═══ SOURCE MATERIAL
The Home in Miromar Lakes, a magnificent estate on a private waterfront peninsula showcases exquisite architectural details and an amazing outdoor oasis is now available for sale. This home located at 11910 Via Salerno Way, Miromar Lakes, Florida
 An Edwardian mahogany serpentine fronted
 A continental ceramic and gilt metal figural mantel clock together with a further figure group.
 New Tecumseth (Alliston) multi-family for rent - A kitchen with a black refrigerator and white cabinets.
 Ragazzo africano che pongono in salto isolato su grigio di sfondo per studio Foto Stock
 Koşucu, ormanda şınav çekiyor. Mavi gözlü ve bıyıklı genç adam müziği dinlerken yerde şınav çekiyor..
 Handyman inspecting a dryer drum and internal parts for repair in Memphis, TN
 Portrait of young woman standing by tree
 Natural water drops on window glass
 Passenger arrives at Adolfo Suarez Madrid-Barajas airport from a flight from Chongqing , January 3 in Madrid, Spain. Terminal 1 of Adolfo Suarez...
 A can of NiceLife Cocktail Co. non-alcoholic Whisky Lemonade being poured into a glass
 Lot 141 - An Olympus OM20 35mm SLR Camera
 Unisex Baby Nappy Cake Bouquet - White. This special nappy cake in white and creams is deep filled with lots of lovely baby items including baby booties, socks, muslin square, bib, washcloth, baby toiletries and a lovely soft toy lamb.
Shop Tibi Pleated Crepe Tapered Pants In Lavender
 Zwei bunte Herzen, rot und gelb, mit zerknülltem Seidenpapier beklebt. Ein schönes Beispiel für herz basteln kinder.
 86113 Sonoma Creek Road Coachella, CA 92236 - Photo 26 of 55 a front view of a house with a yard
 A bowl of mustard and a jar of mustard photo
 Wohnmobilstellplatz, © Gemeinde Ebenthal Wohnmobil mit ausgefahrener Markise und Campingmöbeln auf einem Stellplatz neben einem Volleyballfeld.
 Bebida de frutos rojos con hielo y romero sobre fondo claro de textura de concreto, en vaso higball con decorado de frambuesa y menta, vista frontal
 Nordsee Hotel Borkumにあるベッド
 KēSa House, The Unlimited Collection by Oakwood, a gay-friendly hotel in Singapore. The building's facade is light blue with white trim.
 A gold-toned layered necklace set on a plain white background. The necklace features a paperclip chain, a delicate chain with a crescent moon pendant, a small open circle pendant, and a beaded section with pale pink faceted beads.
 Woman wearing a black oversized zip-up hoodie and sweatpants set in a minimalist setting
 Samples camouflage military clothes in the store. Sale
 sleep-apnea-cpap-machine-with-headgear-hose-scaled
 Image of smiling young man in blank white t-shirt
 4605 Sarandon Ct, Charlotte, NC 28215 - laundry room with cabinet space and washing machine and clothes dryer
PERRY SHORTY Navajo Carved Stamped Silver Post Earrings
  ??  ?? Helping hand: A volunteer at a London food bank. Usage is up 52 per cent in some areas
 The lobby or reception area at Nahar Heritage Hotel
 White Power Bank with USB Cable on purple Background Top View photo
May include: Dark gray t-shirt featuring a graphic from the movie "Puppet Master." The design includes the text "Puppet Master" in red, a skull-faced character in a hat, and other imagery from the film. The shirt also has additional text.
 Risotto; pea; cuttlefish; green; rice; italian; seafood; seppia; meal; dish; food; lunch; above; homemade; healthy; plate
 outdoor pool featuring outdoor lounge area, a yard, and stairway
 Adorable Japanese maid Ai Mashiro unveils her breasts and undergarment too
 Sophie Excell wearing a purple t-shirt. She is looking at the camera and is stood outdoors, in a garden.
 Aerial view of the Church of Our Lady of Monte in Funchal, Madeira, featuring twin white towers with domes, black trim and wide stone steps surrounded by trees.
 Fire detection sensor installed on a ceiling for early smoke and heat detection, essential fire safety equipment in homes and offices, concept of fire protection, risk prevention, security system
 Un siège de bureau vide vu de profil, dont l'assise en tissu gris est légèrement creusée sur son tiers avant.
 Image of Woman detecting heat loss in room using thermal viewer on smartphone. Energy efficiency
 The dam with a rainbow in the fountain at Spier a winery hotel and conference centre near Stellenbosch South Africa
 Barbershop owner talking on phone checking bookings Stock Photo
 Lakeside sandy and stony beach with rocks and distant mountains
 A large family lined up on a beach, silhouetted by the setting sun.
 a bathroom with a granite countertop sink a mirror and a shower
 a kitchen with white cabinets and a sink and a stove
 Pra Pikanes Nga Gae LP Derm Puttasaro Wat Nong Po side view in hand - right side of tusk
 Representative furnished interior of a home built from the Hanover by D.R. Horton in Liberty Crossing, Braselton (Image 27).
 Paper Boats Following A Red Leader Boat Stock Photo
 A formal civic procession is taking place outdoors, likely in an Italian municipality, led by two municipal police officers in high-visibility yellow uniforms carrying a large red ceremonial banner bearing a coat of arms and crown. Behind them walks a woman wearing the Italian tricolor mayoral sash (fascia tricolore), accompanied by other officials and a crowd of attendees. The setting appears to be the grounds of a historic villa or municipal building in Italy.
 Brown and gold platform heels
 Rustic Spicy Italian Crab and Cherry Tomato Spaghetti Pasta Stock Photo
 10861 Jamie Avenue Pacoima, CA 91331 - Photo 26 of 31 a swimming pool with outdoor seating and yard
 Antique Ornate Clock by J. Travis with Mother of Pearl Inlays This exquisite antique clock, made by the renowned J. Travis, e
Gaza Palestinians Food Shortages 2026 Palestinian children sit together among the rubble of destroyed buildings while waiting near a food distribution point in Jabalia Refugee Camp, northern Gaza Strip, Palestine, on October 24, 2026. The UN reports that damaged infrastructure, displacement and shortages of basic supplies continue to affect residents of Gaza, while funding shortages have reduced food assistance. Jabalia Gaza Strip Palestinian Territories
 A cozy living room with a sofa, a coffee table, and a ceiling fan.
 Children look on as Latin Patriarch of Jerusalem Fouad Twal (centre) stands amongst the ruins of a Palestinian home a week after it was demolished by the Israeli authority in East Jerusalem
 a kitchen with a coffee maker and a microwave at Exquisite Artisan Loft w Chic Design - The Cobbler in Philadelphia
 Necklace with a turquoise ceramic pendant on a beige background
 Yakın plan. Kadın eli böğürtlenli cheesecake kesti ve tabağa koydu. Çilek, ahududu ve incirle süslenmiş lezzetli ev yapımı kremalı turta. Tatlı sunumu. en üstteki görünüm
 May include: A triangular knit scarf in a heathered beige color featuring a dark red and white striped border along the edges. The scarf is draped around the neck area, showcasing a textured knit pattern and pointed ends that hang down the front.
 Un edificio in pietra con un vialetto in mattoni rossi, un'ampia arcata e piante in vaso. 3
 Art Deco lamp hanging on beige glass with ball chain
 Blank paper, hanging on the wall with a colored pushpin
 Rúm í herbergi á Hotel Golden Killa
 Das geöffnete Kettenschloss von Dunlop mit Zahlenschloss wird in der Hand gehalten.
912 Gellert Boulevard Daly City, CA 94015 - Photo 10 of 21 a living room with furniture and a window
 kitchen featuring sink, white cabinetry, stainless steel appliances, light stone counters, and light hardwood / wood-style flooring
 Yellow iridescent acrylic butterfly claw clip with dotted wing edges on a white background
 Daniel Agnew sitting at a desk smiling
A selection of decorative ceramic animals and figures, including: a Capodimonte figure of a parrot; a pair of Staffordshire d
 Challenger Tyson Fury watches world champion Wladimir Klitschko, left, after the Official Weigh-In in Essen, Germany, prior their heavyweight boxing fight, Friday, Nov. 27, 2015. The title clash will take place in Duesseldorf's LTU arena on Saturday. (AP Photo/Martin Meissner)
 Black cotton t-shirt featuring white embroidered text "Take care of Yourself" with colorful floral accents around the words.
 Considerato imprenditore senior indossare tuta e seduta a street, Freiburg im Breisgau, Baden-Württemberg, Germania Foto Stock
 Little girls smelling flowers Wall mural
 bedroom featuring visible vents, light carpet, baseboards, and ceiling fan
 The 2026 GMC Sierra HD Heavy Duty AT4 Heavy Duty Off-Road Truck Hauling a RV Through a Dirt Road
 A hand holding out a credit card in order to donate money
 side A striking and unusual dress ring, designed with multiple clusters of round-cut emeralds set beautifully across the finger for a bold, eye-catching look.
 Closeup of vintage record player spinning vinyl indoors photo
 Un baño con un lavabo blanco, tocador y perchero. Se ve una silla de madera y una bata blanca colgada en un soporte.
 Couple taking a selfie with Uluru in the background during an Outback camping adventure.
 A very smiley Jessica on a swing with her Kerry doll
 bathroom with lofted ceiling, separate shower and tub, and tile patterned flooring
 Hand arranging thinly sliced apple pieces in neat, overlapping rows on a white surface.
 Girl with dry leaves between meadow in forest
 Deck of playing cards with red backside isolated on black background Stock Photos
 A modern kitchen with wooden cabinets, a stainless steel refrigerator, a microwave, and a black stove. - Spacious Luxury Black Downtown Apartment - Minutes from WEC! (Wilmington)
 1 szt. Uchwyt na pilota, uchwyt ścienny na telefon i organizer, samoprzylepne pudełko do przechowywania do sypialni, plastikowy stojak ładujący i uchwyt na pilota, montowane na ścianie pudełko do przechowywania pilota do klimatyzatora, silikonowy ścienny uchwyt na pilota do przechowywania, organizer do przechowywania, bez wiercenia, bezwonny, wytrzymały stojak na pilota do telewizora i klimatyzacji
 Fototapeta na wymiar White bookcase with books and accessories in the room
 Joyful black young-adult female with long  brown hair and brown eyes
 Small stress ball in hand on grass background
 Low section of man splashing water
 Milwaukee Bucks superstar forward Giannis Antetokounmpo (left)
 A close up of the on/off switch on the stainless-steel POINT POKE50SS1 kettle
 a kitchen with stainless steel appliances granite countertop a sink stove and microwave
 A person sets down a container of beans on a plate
══════
## REQUIRED WORK
Each line from the top of the records above through the line containing "Passenger arrives at" needs to be transcribed exactly, and no line after it.

## SOLUTION BELOW
The Home in Miromar Lakes, a magnificent estate on a private waterfront peninsula showcases exquisite architectural details and an amazing outdoor oasis is now available for sale. This home located at 11910 Via Salerno Way, Miromar Lakes, Florida
 An Edwardian mahogany serpentine fronted
 A continental ceramic and gilt metal figural mantel clock together with a further figure group.
 New Tecumseth (Alliston) multi-family for rent - A kitchen with a black refrigerator and white cabinets.
 Ragazzo africano che pongono in salto isolato su grigio di sfondo per studio Foto Stock
 Koşucu, ormanda şınav çekiyor. Mavi gözlü ve bıyıklı genç adam müziği dinlerken yerde şınav çekiyor..
 Handyman inspecting a dryer drum and internal parts for repair in Memphis, TN
 Portrait of young woman standing by tree
 Natural water drops on window glass
 Passenger arrives at Adolfo Suarez Madrid-Barajas airport from a flight from Chongqing , January 3 in Madrid, Spain. Terminal 1 of Adolfo Suarez...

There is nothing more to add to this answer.